Ultrasound of the brain-supplying arteries is a routine diagnostic procedure in patients with acute stroke and chronic cerebrovascular occlusive disease. Conventional extracranial and intracranial Doppler sonography can identify normal flow, stenoses or occlusions, and pathological collateral flow conditions.

Nonstenotic plaques may operate as a source of arterial embolism and are an indicator of atherosclerosis, the most frequently occurring arterial disease. These lesions can be visualized in great detail with B-mode imaging. Only homogeneous, completely echolucent plaques can, rarely, escape B-mode imaging, but they will be detected by extracranial color-coded duplex scanning (ECCD) because of the narrowing of the color-coded blood flow column during imaging.

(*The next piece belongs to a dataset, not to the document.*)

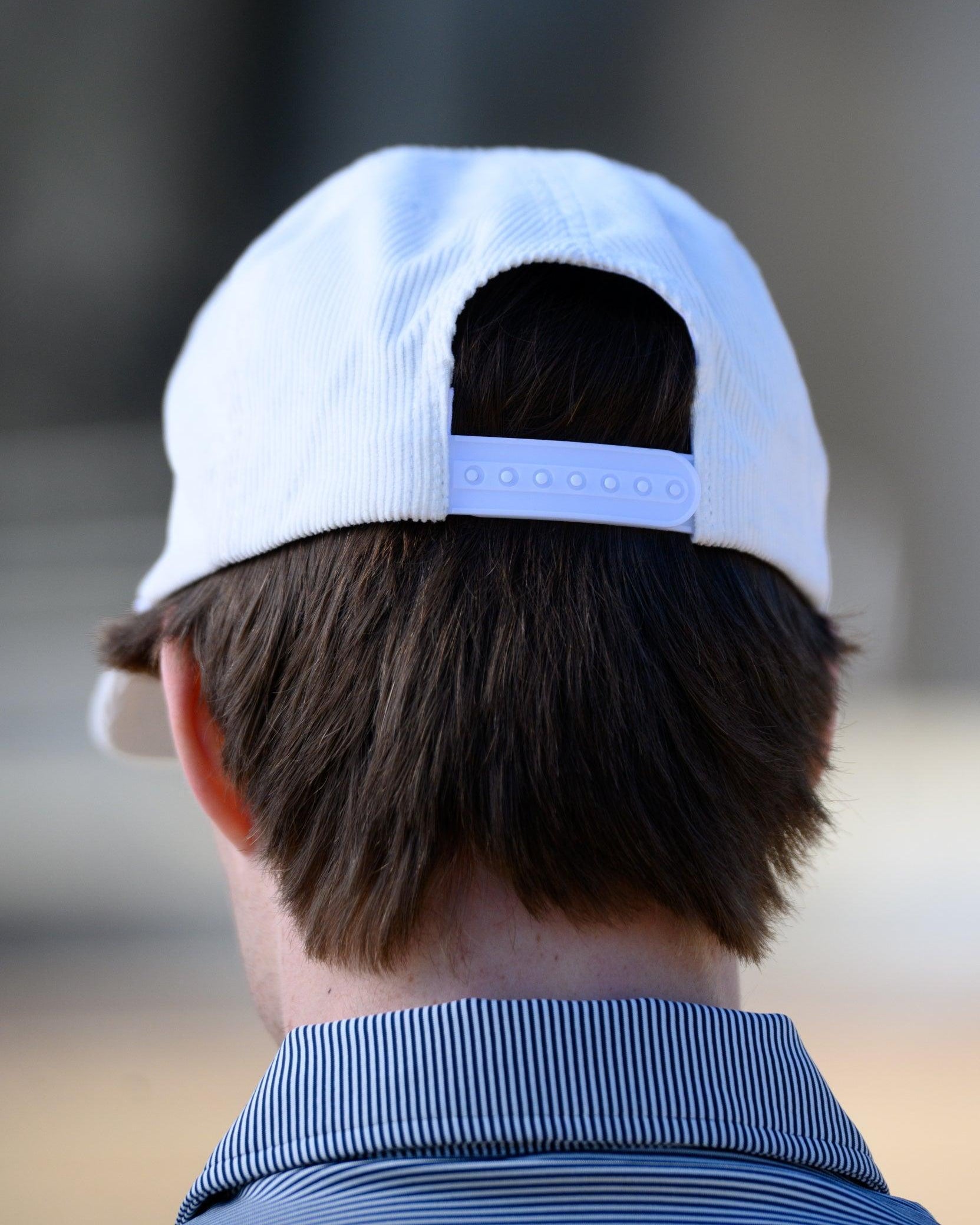 Auburn University White Hat with Navy script “Auburn Tigers."
Snapback Hat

Transcranial color-coded duplex scanning (TCCD) via transtemporal and suboccipital insonation permits a continuous representation of blood flow in the large intracranial arteries and depicts their relation to anatomical landmarks such as bony structures, ventricles, and parenchyma. This allows for a refined spatial orientation compared with conventional transcranial Doppler sonography and helps to avoid compression tests. The posterior cerebral artery surrounding the midbrain, for example, is an important landmark that is easily recognized during TCCD.

TCCD is frequently impaired by an insufficient temporal or suboccipital ultrasound window. In our experience, this accounts for approximately 15% to 20% of cerebrovascular patients, depending on their age and sex. Similarly, ECCD has limitations in cases of plaque calcification and the resulting shadowing of the ultrasound beam, in vessel hypoplasia, and in patients with short, thick necks. Weak Doppler signals due to a large insonation angle with low flow velocity or low flow volume are additional problems for ECCD and TCCD. These limitations led to the development of echocontrast agents that can survive the pulmonary and capillary passage and improve the echogenecity of the flowing blood within the cerebral arteries.

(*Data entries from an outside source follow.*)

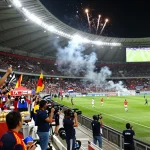Football match atmosphere with fans cheering and players in action during a thrilling game involving ฟุตบอล.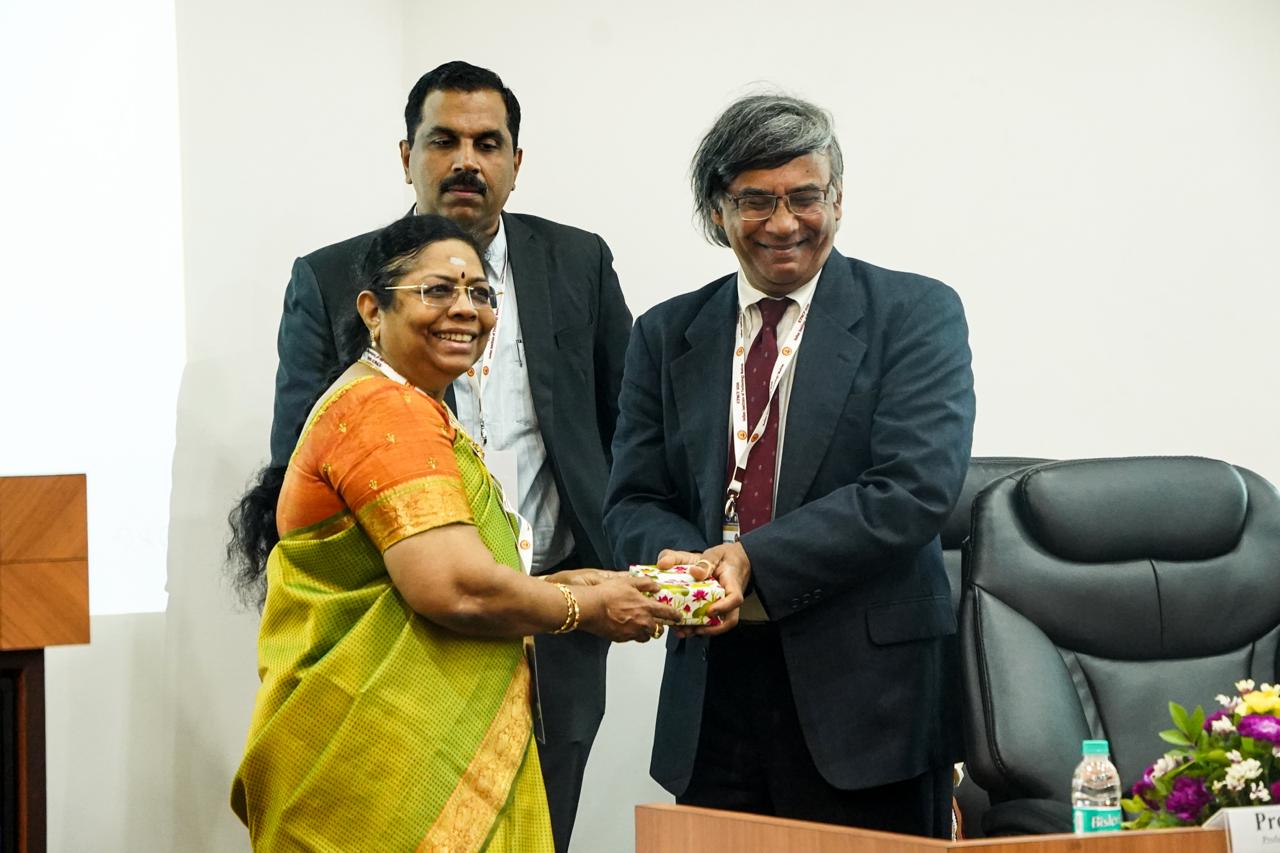Prof. M. Thenmozhi presents a memento to the Chief Guest, Prof. Avanidhar Subrahmanyam.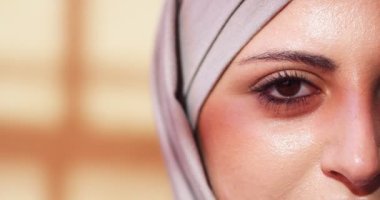 Kafası kapalı, kahverengi gözlü, yetişkin Arap kadın yüzüne yakın çekim. Mor tesettürlü güzel Müslüman kadın kameraya bakıyor ve göz kırpıyor. Feminizm, din, insan kavramı.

Echocontrast agents are microbubble preparations for intravenous administration that provide useful and reproducible signal enhancement on ultrasound scans. In Doppler ultrasound, these microbubbles increase the intensity of the echo signal by 10 to 30 dB. The lower the water solubility of echocontrast agents, the more stable the agents are in vivo. This is why the fluorocarbon- and sulfohexafluoride-containing agents such as SonoVue and EchoGen have a longer lasting effect than the air-containing agents such as Levovist and BY 963.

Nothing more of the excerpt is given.